In a move to help close the budget gap, California legislators opted to suspend some requirements under the Brown Act. Under the law, counties, cities, school districts and other local agencies must post agendas for meetings and disclose decisions made in closed session. A state mandate allows for those agencies to be reimbursed for the work done. Cutting the funding for the mandate has some arguing the legal requirements also go away. But in San Mateo County, local officials plan to continue the transparent practices. In addition, most report not getting reimbursement for meeting the mandate for many years.
For example, San Mateo County is owed about $623,551 from the state for meeting the open meeting law requirements, according to county Budget Director Jim Saco.
"When Governor Brown recently decided to stop reimbursing local government agencies for the costs of enforcing the Brown Act, he did not rescind the Brown Act itself – he just made it an ‘unfunded mandate,’” said county Supervisor Don Horsley. "It’s a shame that California’s budget is in such a shambles that this is how the governor is going to save an additional $95 million, which he says will be reinstated should his proposed tax initiative be approved in November.”
Despite that, Horsley said the county will continue to provide public notices. Local cities — South San Francisco, San Bruno, Millbrae, Burlingame, San Mateo, Foster City, Belmont, San Carlos, Half Moon Bay and Redwood City — also confirmed that the practices of making such information available would not change.
For local officials the cut really doesn’t change anything since the last time a payment was received by most cities was in 2005 or 2006.
"Without question, we could use these resources for other important city objectives but informing the community should always be a vital function of government,” said Half Moon Bay City Manager Laura Snideman.
Owed from state
Dating back to the 2006-07 fiscal year, Half Moon Bay is owed $123,640 from the state to cover meeting the Brown Act requirements.
Redwood City typically requested reimbursements of $25,000 to $35,000 annually to cover staff time related to preparing and posting agendas for the council, boards and commissions, Redwood City spokesman Malcolm Smith said. Looking back as far as 2003, the city has not been reimbursed by the state since at least that year, he said.
San Mateo has received 2.5 percent of its outstanding reimbursement claims over the past decade, said City Clerk Patrice Olds. San Mateo’s annual claim averages $26,382. The last time the city received a payment was in the 2005-06 fiscal year. It was for $1,887. Belmont last received a payment in 2005 as well, said City Clerk Terri Cook. Millbrae’s annual claim is a bit less, at $18,000. It’s last payment came through in 2006, said City Clerk Angela Louis.

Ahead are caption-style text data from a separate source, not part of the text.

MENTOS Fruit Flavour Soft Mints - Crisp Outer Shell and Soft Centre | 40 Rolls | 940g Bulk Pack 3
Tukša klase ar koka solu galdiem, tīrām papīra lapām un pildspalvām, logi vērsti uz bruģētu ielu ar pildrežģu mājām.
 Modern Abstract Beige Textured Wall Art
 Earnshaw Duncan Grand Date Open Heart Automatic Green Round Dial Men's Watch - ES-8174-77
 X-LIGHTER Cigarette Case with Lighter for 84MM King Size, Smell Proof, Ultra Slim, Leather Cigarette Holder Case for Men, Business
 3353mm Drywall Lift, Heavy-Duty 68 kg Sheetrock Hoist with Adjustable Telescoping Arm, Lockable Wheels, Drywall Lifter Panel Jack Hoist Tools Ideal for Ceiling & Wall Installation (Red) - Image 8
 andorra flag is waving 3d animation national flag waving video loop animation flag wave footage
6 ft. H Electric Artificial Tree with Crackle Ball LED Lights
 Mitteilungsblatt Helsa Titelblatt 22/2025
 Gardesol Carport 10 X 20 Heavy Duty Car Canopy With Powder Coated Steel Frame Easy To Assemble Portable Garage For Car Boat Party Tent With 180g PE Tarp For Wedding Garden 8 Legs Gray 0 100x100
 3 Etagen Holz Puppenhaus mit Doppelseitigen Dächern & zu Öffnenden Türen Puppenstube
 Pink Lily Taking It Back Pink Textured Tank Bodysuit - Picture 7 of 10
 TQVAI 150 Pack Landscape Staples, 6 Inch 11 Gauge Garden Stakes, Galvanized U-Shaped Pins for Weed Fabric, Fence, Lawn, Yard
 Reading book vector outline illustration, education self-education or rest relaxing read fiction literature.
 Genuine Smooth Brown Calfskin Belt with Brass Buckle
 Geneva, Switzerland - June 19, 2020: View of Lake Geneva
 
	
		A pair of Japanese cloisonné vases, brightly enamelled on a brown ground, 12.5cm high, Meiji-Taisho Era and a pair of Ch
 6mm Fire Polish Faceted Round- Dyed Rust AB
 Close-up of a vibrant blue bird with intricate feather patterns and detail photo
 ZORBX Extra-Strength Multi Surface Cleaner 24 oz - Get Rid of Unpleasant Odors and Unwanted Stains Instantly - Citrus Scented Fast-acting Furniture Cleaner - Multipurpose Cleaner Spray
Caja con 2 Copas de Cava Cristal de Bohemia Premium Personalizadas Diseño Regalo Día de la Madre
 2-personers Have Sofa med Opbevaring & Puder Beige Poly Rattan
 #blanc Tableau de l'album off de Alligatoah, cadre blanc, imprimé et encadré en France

Burlingame’s annual request is about $20,000. Since the 1997-98 fiscal year, Burlingame is owed over $200,000 to cover Brown Act requirements.
"We submit the annual reports and sometimes they pay and sometimes they do not. ... We don’t rely on the payments to run the city. If they pay, then it’s gravy,” said Burlingame Finance Director Jesus Nava.
Foster City Mayor Art Kiesel hopes the state learned something when making this decision.
"In the interest of keeping our residents informed, Foster City will continue publishing the agenda as it does today,” said Kiesel. "I fully support transparency in government and have hopeful expectations that the state government will do so as well. Now that some state representatives have read the Brown Act, perhaps they might consider implementing it for themselves.”
On Friday, the League of California Cities Board of Directors adopted a resolution congratulating cities for continuing to comply with the Brown Act and called for the Legislature to comply with similar transparency requirements. Some mandates within the Brown Act were also suspended in 1990.
The suspension of the mandate doesn’t affect school districts, but superintendents agreed the local districts will continue to work openly with the public.